How much hatred Mateen felt is beside the point. In Black Earth: The Holocaust as History and Warning Timothy Snyder warns us that forces hostile to the West have generated a new global scapegoat: “the homosexuals”. The idea of a “gay lobby” responsible for the decadence of the world makes no more sense than the old Nazi idea of a Jewish lobby, but such an ideology is now at large in the world and it is not confined to Islamism.

Snyder blames Putin’s Moscow for popularising the myth, but we should note that African political movements made use of it long before the Russian government. We have returned to forms of thinking which blame global phenomena – wars, global warming, economic crises – on a particular vulnerable group. It is the worst kind of ignorant madness but for many, when Mateen struck at this group he struck a blow against Western values.

This is chilling. But we should also be concerned that the Western elites have also spied convenient scapegoats. Donald Trump, who increasingly acts like a mongrelised descendent of Joe McCarthy, George Wallace and PT Barnum, has simply blamed “the Muslims”. Most commentators have correctly denounced this as crass bigotry. However, many of those same commentators have wondered if conservative Christians do not also share in Mateen’s blood guilt.
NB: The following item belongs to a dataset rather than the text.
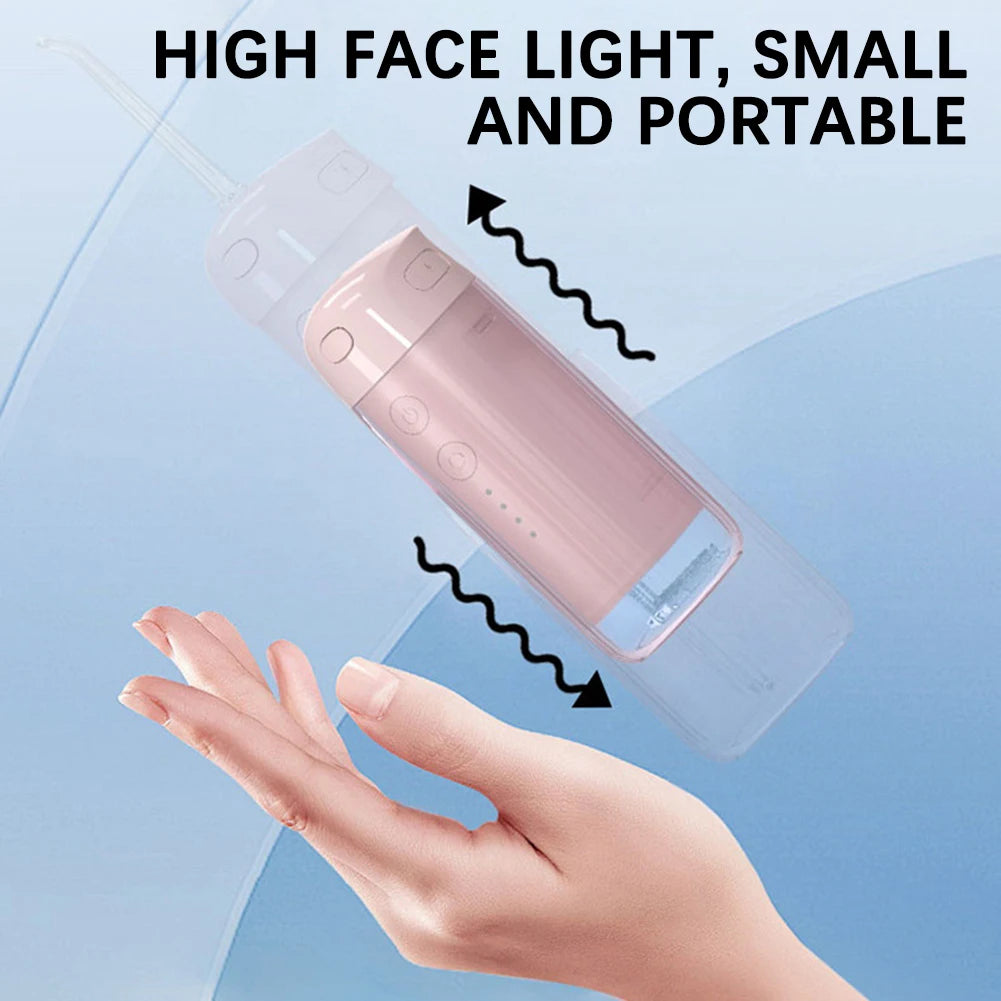 Electric High-Frequency Oral Irrigator IPX7 Waterproof Beauty Instrument Tooth Cleaner All Around Oral Teeth Cleaning Care Tool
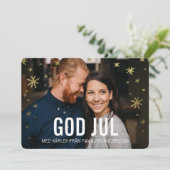 Carte Foto Julkort | God Jul (Debout devant)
Even the BBC, no less, warns Christians that traditional sexual ethics can cause “internalised homophobia”. Ilan Meyer, a senior scholar for public policy and sexual orientation law at the University of California, Los Angeles explains that this occurs when someone with homosexual feelings absorbs the values of a belief system which rejects homosexual behaviour.

Apparently, this happens “involuntarily”. Presumably Christians with exclusive same sex attractions who follow Jesus’s teachings on sex are suffering some sort of delusion. Those who value their religious convictions above their sexual desires must be repressed, delusional or worse. It seems that there is only one rational, ethical response to the experience of same-sex attraction: join the new sexual revolution. After all:

Intolerance can be covertly communicated, perhaps through slurs or pejorative statements such as “that’s so gay”, or overtly, such as bullying or anti-gay teachings in religions that do not accept LGBT rights….Certainly in the evangelical Christian community in the US, for example, if you went to church every week you could learn horrible things.

The casual reader would be forgiven for thinking that the BBC’s article is blaming evangelicals for the events in “The Pulse” nightclub. But tucked away at the end of a long article, underneath two videos, Meyer makes a brief admission: “there is not enough research to prove a direct link between internalised homophobia and violent behaviour.” In other words, Meyer has little more than an untested hypothesis. After 1100 words and three minutes of video, the Beeb admits that questions about Mateen’s sexuality, and his attitude to his sexuality, must “remain unanswered”. 

Still, the article implies that traditional sexual ethics should be viewed with suspicion and treated with caution. Here, something reminiscent of fascism seems to be at work. A social elite has used the mainstream media and carefully selected scholarship to accuse conservative Christians of a thought crime. By their own admission, there is no evidence that their sexual morality is to blame for violence towards homosexuals. But some day we might find such evidence. Therefore we are guilty as charged. 

The target is different and the attack more eloquent, but the logic is no different than Trump’s. We do not share the values and traditions of a certain group; therefore, we must exclude it.  We don’t need no stinkin’ evidence. We’re winners: we’re on the right side of history; we know better.It does not matter that Christians are not merely forbidden to express, but even to feel, hatred.  Those who hold to traditional religious beliefs are oppressors who must be shamed and vilified. 

The search for familiar scapegoats distracts us from the  victims of the attack on the Pulse nightclub;  we forget that the attack in Orlando was not the inevitable result of unquantifiable social forces, but a premeditated act of pure hate. Above all, we miss the bloody rebirth of a fascist mythology which would blame all the woes of the world on one small and vulnerable minority.